Likewise, he thinks the rap-metal connection is good for all concerned. “White kids should be able to get into rap; it’s good music. If you can like metal you can like rap. They’re both kinds of music that people have tried to suppress. Rap will open doors for metal, too. A lot of people first noticed rap because they like breakdancing, thought it was cute. Metal ain’t cute.”

The L.L. Cool J saga in a nutshell: “I started listening to rappers like Grandmaster Flash & The Fearless Five when I was 11. Later I sent a tape to Rick Rubin when he was living in the New York University dormitory, and here I am.”
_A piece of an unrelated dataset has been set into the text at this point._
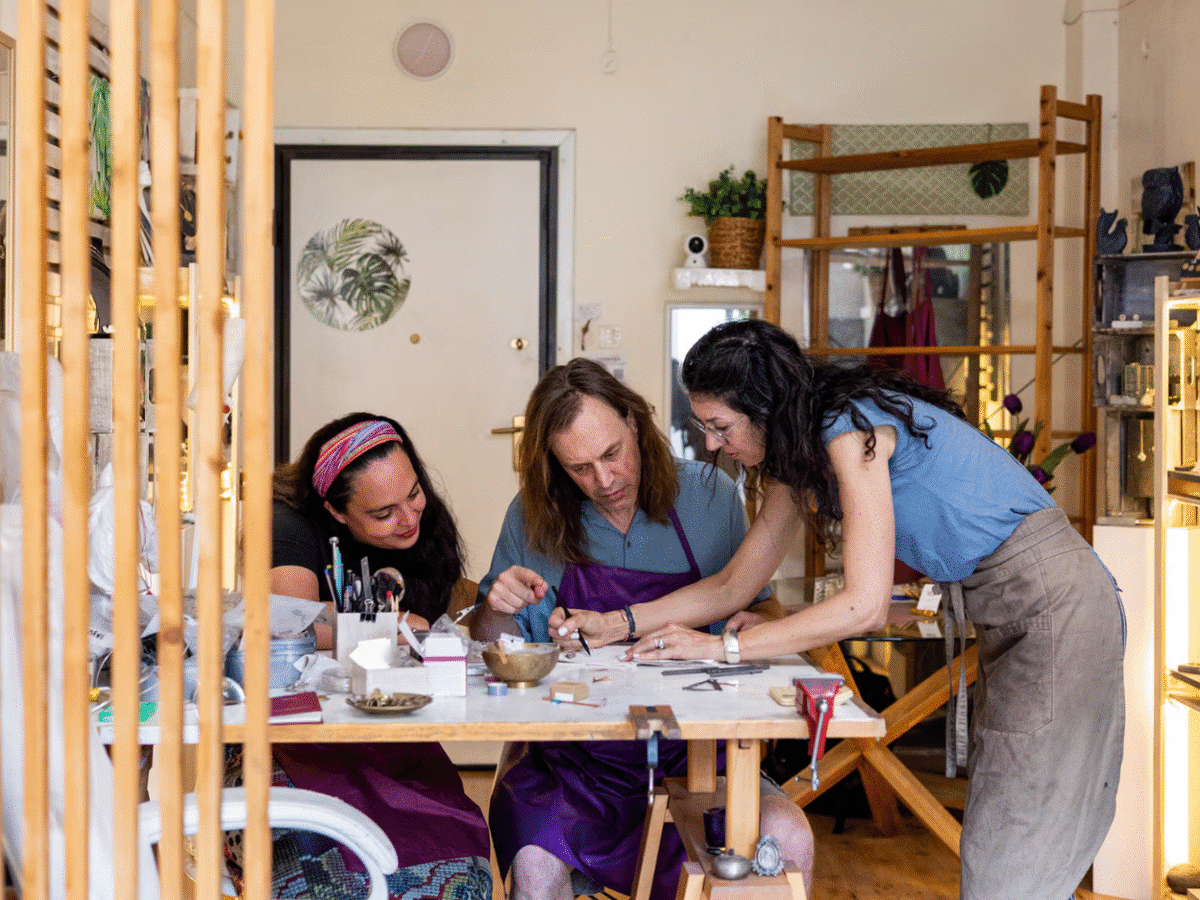 Design & Fashion Jewelry with a Silversmith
Of course, there’s a little more to it than that. “I’m from Queens, middle class all the way, trees, grass, remote-control garage doors.” And he wasn’t an instant success. “Even though I had a lot of ambition, I didn’t know if I’d make it. To be a success, you need God, luck and talent, in that order. There was a point when I was gonna quit, but my mother bought a rhythm machine to keep me going. If I hadn’t continued, I probably would have just gone on to college, but that would have been corny as a motherfucker. Very disappointing.
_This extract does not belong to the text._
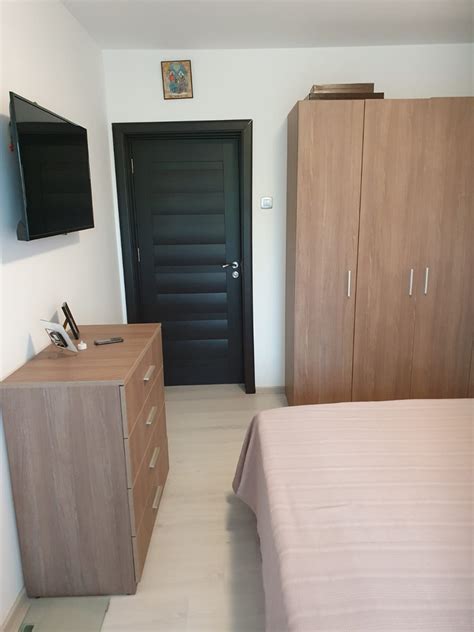 Apartament 3 Camere Dezrobirii Militari Gorjului Anuntul Ro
“Just listen to The Breakthrough’ (on Bigger And Deffer). It sums up my whole career.”

Now he’s a big star who insists he doesn’t feel like one. “I haven’t changed a bit. The only way I’ll ever move out of Queens is if it gets too hectic and the kids drive me out.

But is L.L. Cool J really an ordinary guy? Judge for yourself. The following are a few of his favorite things:

Movie: Scarface, Lethal

Weapon, Nightmare on Elm Street

Actor: Al Pacino in Scarface

Drink: Virgin Pina Colada

Ice Cream: Vanilla Fudge Twirl Sport: Football

Rock Act: Bon Jovi Songwriter: Lionel Ritchie Writer: Edgar Allan Poe,

Langston Hughes

He likes women, too, as one listen to the utterly sleazy “Kanday” proves. You might wonder, though, if someone from a close-knit family doesn’t feel just a little sheepish about mouthing X-rated lyrics like “Her tongue is sticky/And hickies are her specialty.” Cool J says not, adding, “If I have a pelvic move in my show, I can’t not do it just because my mother’s there. I gotta satisfy my fans. She understands that it’s part of my act.” After all, y’all, L.L. Cool J stands for Ladies Love Cool James.

Today, Cool J compares himself to a “fighter. Before I was the challenger. Then I took the belt. Now I’ve gotta fight to keep it.” Mind you, his rhyme ain’t done by a long shot. “I’m gonna keep gettin’ iller and iller. (That’s good, for all you non-rap types.) I wanna keep growing,” he adds, suppressing a yawn. “I don’t wanna be the next Michael Jackson, but I’d like to sell a comparable amount of records. You gotta learn to crawl first, though. I’m still struggling.”

And someday, when he’s old and gray (maybe at age 30), L.L. Cool J will “bow out gracefully. I’ll know when it’s time to quit. Then I can sit back and chill and listen to what other people are making.”

In the meantime, though, L.L. Cool J will continue to get bigger, deffer, and badder than we’ll ever be. You have been warned.